October 27, 2017   ·   0 Comments

By Mike Pickford

For a community often dubbed as more of a small city these days, Orangeville saw its Council seem to take a significant step backwards in that regard on Tuesday evening. In a tight, 4-3 vote, the municipality essentially decided against bringing its local fire service up to provincial safety standards, all to save a few bucks.

Okay, a few bucks might be pushing it… As he has done for much of my time in Orangeville, local Fire Chief Ron Morden all but begged Council to consider adding eight full-time firefighters to its ranks, at a cost of just over $800,000 in 2018. The request comes as Chief Morden is attempting to bring off-peak response times closer to the provincial average. Pretty reasonable if you ask me.

Currently, the Town has 12 full-time firefighters, who each take turns working shifts daily between the hours of 6 a.m. and 6 p.m. They do a “fantastic job” according to Chief Morden, posting average response times of in and around four minutes. That’s important when you consider that a typical fire will double in size every 60 seconds.

Now, during off-peak times between 6 p.m. and 6 a.m. Orangeville is covered by a troop of 36 volunteer firefighters. All of these members are incredibly well trained and do a phenomenal job protecting the community during the night. There is a problem, however. Average response times during this period stretch to approximately 12 and a half minutes. On Tuesday, Chief Morden noted a typical fire will reach the point of flashover – the process when all contents in a room reach ignition temperature and emit dangerous, highly flammable gases – in around eight minutes. He said the chance of survival after that time for anyone trapped inside is “not very good”.

It should perhaps then be considered something of a miracle that the municipality has not recorded a direct loss of life from a house fire for more than 18 years, especially when you consider there is over a four-minute gap between the point of flashover and the fire department’s average response time.

It is important to note that nobody is criticizing the job Orangeville’s volunteer firefighters do on a nightly basis. It takes an incredibly special person to work all day and then, when they get home, be on call all throughout the night in case they’re needed to respond to a fire.

The problem, unfortunately, is one you simply cannot fix when you rely on a volunteer service. No matter what you do, no matter what measures you take, the reality is that when a call comes in, our volunteer fighters have to get themselves ready, more often than not rising from a slumber, and race to the Fire Hall, located on Dawson Road. Four volunteers must respond before a fire truck can respond. You can see, I’m sure, where problems may arise.

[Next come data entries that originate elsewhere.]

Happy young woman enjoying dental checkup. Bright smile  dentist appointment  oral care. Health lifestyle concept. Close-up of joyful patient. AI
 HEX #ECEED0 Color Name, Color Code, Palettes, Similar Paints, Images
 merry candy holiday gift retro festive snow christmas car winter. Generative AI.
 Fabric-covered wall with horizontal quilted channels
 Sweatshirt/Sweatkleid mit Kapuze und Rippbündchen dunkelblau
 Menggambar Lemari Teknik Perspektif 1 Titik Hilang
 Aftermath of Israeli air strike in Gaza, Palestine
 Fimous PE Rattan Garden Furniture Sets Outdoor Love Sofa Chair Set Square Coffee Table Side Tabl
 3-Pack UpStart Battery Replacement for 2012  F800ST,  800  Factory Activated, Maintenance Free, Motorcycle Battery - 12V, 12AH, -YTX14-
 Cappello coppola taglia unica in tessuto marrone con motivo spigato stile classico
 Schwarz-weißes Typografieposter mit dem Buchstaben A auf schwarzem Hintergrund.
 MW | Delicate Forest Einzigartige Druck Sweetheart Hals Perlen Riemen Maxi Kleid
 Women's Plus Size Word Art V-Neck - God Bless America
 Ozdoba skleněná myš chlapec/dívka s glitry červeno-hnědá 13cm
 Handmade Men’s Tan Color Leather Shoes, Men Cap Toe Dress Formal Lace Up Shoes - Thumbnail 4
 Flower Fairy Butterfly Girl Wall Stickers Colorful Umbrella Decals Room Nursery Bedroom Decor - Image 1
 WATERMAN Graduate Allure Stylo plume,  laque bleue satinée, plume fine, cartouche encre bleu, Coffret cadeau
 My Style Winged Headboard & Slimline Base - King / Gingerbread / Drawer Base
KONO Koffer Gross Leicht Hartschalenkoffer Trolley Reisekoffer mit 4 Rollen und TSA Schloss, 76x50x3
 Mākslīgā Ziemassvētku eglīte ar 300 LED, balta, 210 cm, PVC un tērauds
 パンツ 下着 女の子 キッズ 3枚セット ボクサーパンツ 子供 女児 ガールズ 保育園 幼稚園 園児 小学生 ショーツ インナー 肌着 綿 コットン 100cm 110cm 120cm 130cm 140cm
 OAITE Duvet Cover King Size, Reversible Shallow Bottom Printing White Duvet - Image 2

Chief Morden spoke of a recent incident where it took more than 20 minutes for first responders to reach the scene of a fire, something he called “totally unacceptable”. I tend to agree. While our volunteer service undoubtedly does its very best each and every night, I fear that may not be good enough anymore for a community the size of Orangeville. Chief Morden and some members of Council, notably Gail Campbell, Scott Wilson and Sylvia Bradley seem to agree.

It wasn’t very long ago that a majority of Council voted in favour of keeping the Orangeville Police Service. The reason for that decision was largely attributed to the force’s impeccable response times within the community. It seems strange then that, when given the chance to drastically improve the response times of an equally important emergency service provider, Council neglected to do so.

Admittedly, it is easy for me, as a relative outsider looking in, to criticize the decisions of Council. I don’t do it often. However, when you consider the municipality has an annual operating budget of more than $34 million, it seems madness to me that we are unable to come up with an additional $800,000 to enhance our fire service. The argument that some members put forward was that the municipality could not afford this added cost, which was slated to rise to almost $1.2 million in 2022. Even if they added these eight full-time firefighters, fire services would cost the Town just over $4 million in 2018 – less than half of what it is currently paying for its police service.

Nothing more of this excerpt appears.